You are viewing a plain text version of this content. The canonical link for it is here.
Posted to users@zeppelin.apache.org by Guilherme Silveira <gu...@gmail.com> on 2015/04/02 01:43:50 UTC

Future features

Hi folks,


I saw this project and it really excited me.
I am considering using it, but I have some philosophical questions...

For me, the benchmark is Databricks Cloud, but it only works in AWS and I
need to deploy it onpremise.
It has all features I need to far, and probably more.

Do you have plans to add the features below?

1- (MUST HAVE) Add jobs scheduler -> the ability to schedule periodic jobs
based on time interval (run it every night, so example)
2- Login authentication using LDAP
3- Add support for python


Second part:

What is the relationship between this project and
https://twitter.com/SparkNotebook ?

Re: Future features

Posted by RJ Nowling <rn...@gmail.com>.
I stand corrected on the periodic scheduler. :)


> On Apr 1, 2015, at 6:51 PM, moon soo Lee <mo...@apache.org> wrote:
> 
> Hi,
> 
> Thanks for your interest.
> Zeppelin embeds cron like scheduler, so you can run your notebook periodically.

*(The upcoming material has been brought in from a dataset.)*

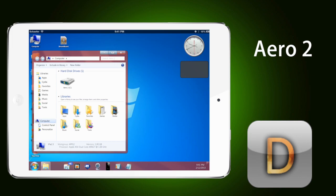I'd suggest checking out all the different themes yourself. Go ahead and download them — some of them cost money, some of them are free. Download a whole bunch of them, check them out, and let me know what you guys think.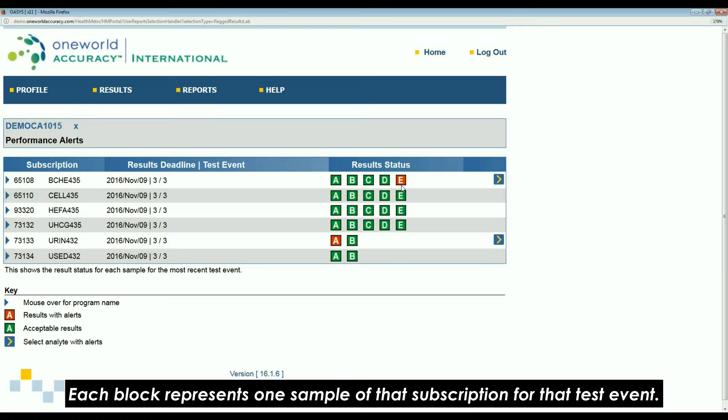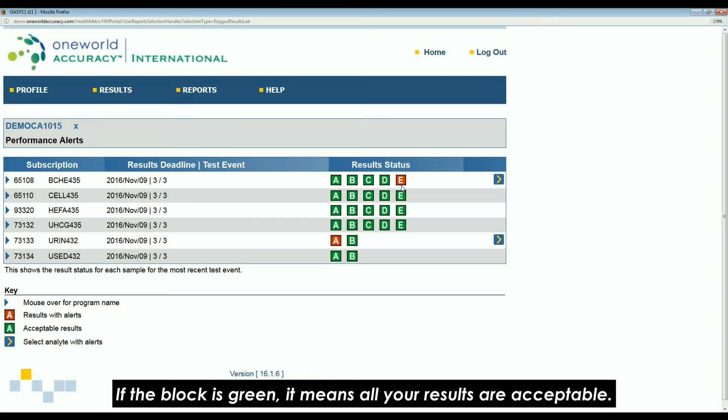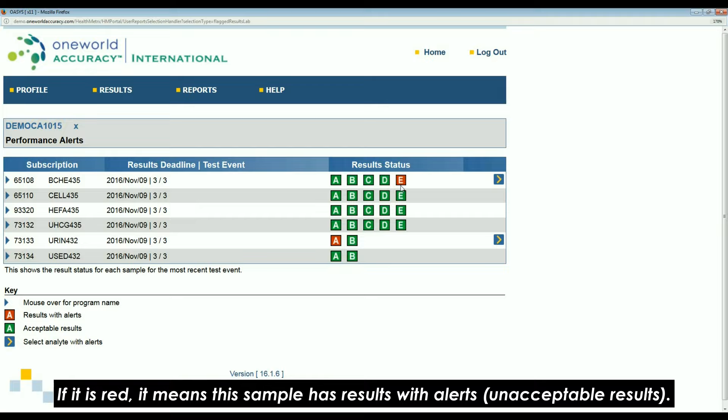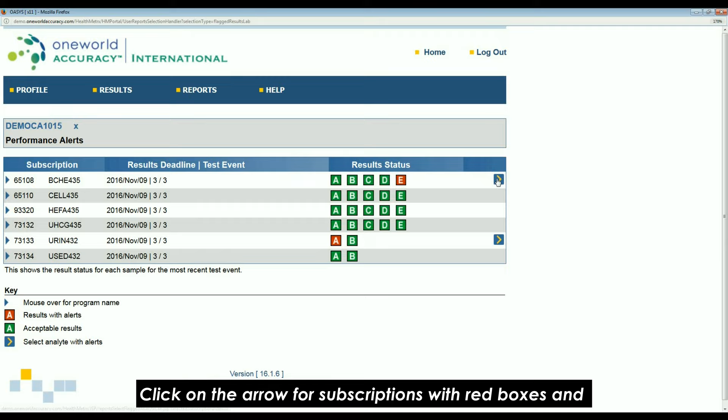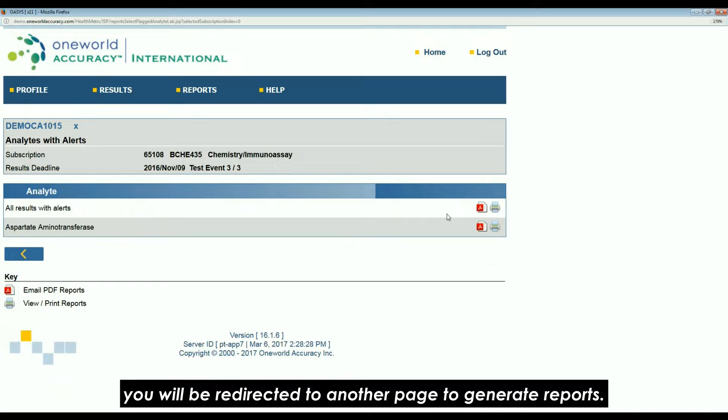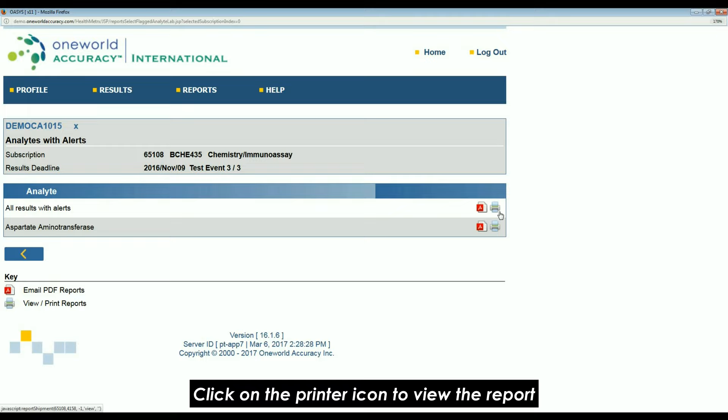Each block represents one sample of that subscription for that test event. If the block is green, it means all your results are acceptable. If it is red, it means this sample has results with alerts. Click on the arrow for subscriptions with red boxes and you will be redirected to another page to generate reports.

Also recently added support to pyspark.
> 
> About authentication, there're old pullrequest (not merged) that doing basic authentication https://github.com/NFLabs/zeppelin/pull/168.
> but i think many users create their own reverse proxy a head of Zeppelin for authentication.
> 
> Don't have special relation between SparkNotebook project, yet. :-)
> 
> Best,
> moon
> 
> 
>> On Thu, Apr 2, 2015 at 8:45 AM Guilherme Silveira <gu...@gmail.com> wrote:
>> Hi folks, 
>> 
>> 
>> I saw this project and it really excited me.
>> I am considering using it, but I have some philosophical questions...
>> 
>> For me, the benchmark is Databricks Cloud, but it only works in AWS and I need to deploy it onpremise.
>> It has all features I need to far, and probably more.
>> 
>> Do you have plans to add the features below?
>> 
>> 1- (MUST HAVE) Add jobs scheduler -> the ability to schedule periodic jobs based on time interval (run it every night, so example)
>> 2- Login authentication using LDAP
>> 3- Add support for python
>> 
>> 
>> Second part:
>> 
>> What is the relationship between this project and https://twitter.com/SparkNotebook ?

Re: Future features

Posted by moon soo Lee <mo...@apache.org>.
Hi,

Thanks for your interest.
Zeppelin embeds cron like scheduler, so you can run your notebook
periodically. Also recently added support to pyspark.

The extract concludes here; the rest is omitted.